__TASK__. Return the material below exactly, but only from the line with "Produktbild von Möbel" through the line with "个齐是球技深通且斗志断然的精英体育集锦", and without its pictures.

__RECORDS SUPPLIED__.
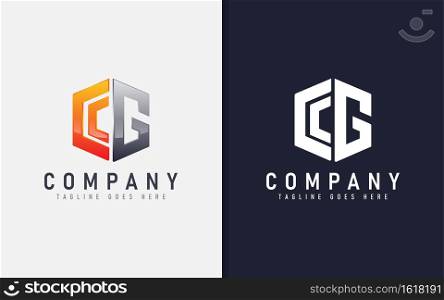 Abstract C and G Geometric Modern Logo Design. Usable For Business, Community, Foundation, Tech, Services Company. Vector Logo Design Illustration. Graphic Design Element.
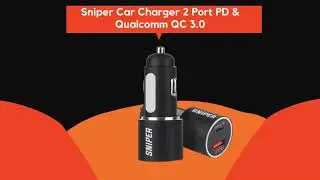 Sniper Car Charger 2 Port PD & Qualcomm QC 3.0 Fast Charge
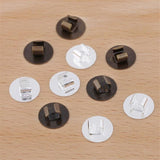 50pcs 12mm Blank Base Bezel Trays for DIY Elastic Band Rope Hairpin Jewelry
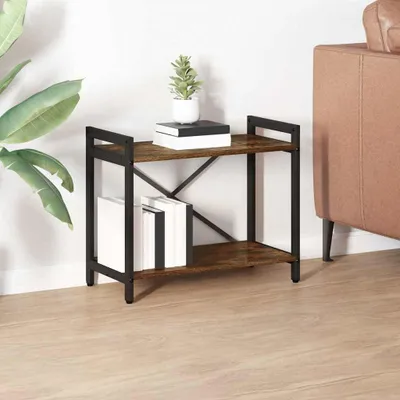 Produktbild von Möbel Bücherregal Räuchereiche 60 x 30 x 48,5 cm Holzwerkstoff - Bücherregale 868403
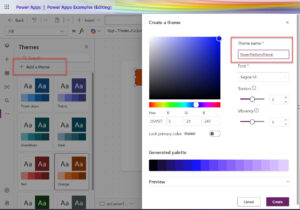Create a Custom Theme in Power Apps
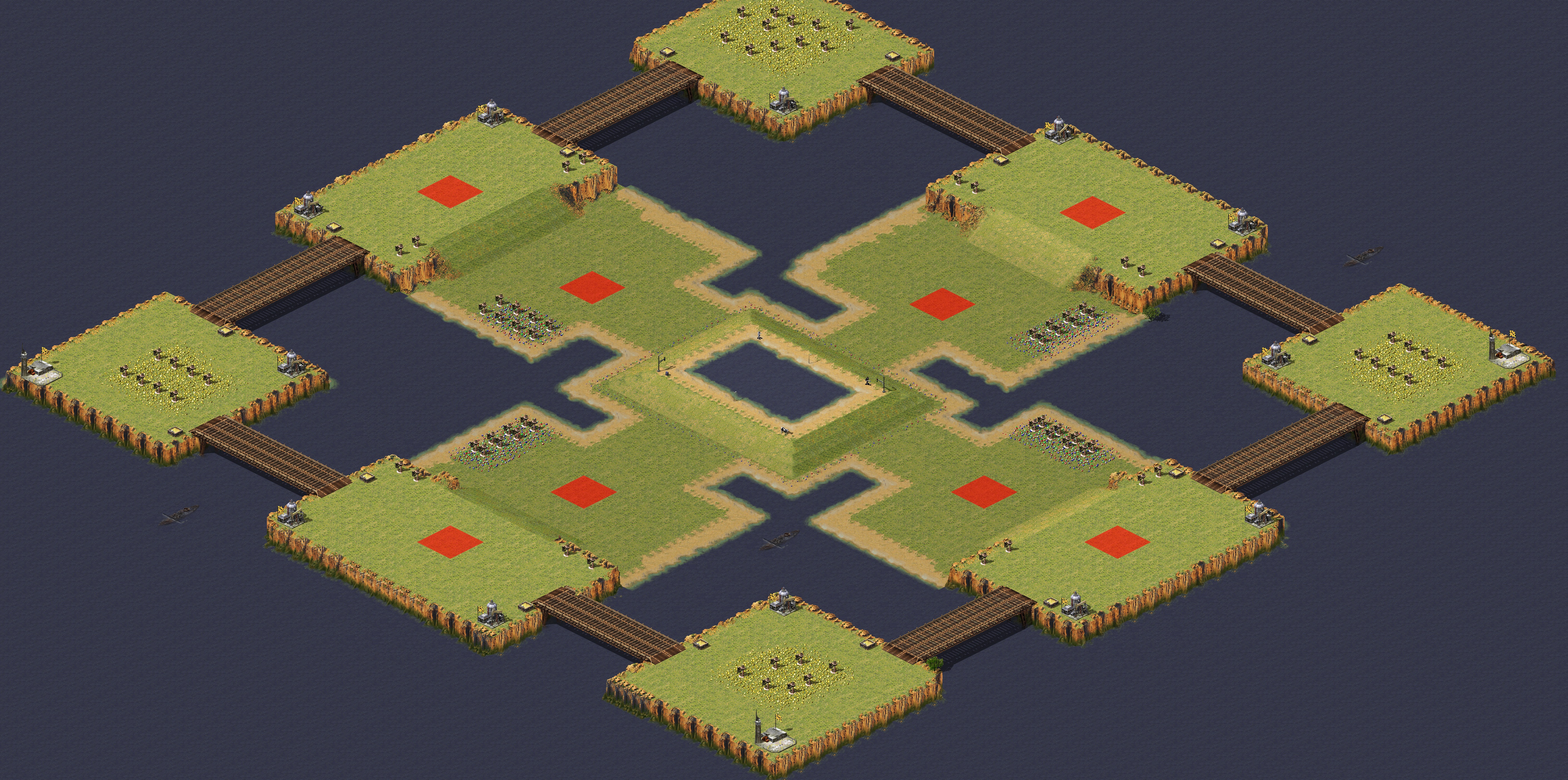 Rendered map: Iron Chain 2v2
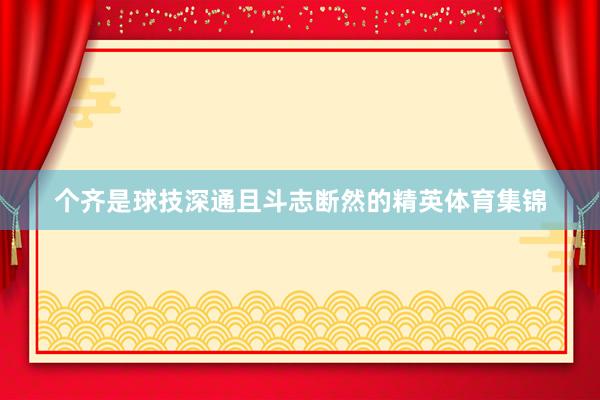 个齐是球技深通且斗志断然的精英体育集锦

---

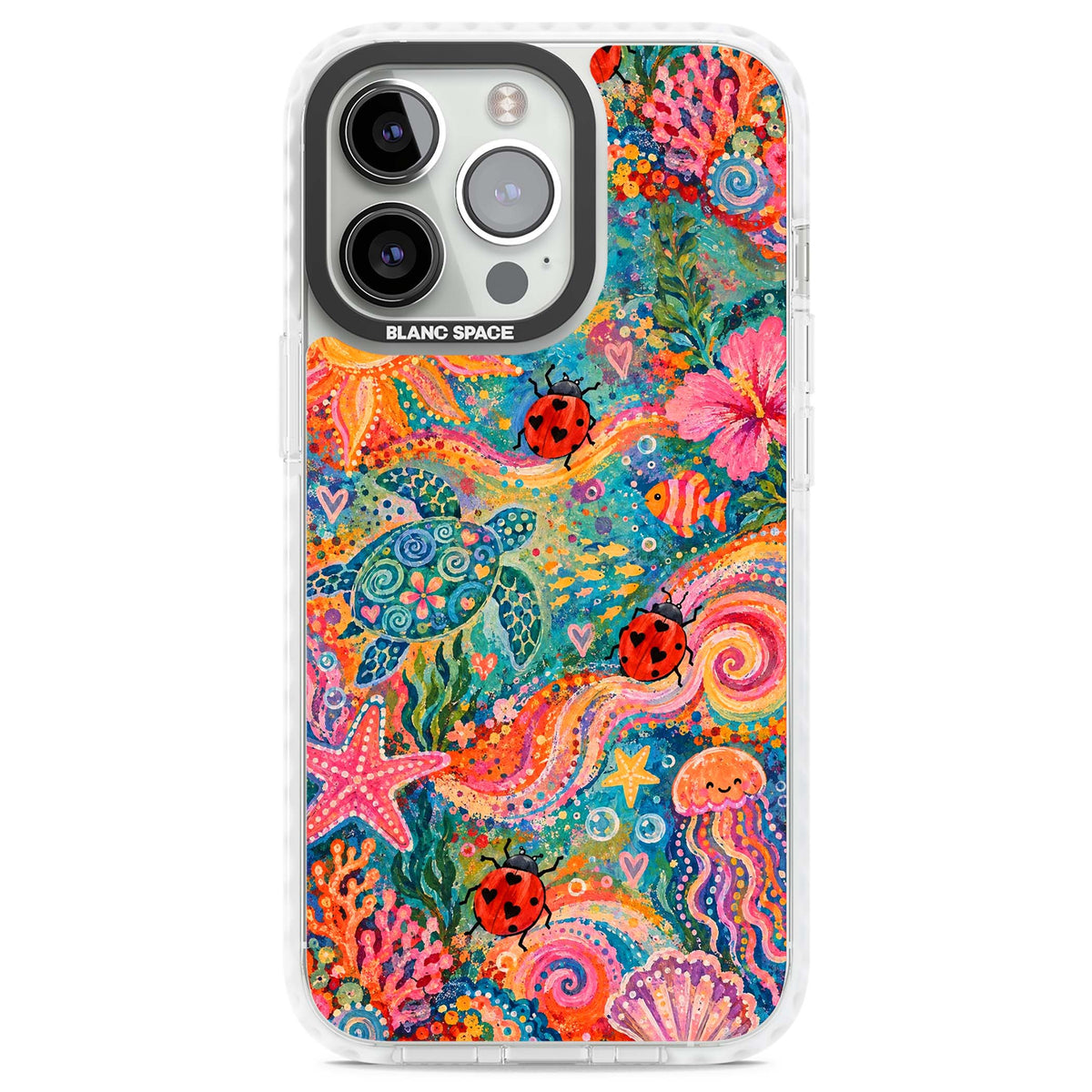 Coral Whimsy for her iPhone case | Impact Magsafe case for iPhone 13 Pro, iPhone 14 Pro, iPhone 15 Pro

--

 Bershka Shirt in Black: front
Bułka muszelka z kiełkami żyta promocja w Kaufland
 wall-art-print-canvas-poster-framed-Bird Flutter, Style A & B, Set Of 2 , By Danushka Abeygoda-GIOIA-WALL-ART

__REPLY TO THE EXERCISE__.
 Produktbild von Möbel Bücherregal Räuchereiche 60 x 30 x 48,5 cm Holzwerkstoff - Bücherregale 868403
Create a Custom Theme in Power Apps
 Rendered map: Iron Chain 2v2
 个齐是球技深通且斗志断然的精英体育集锦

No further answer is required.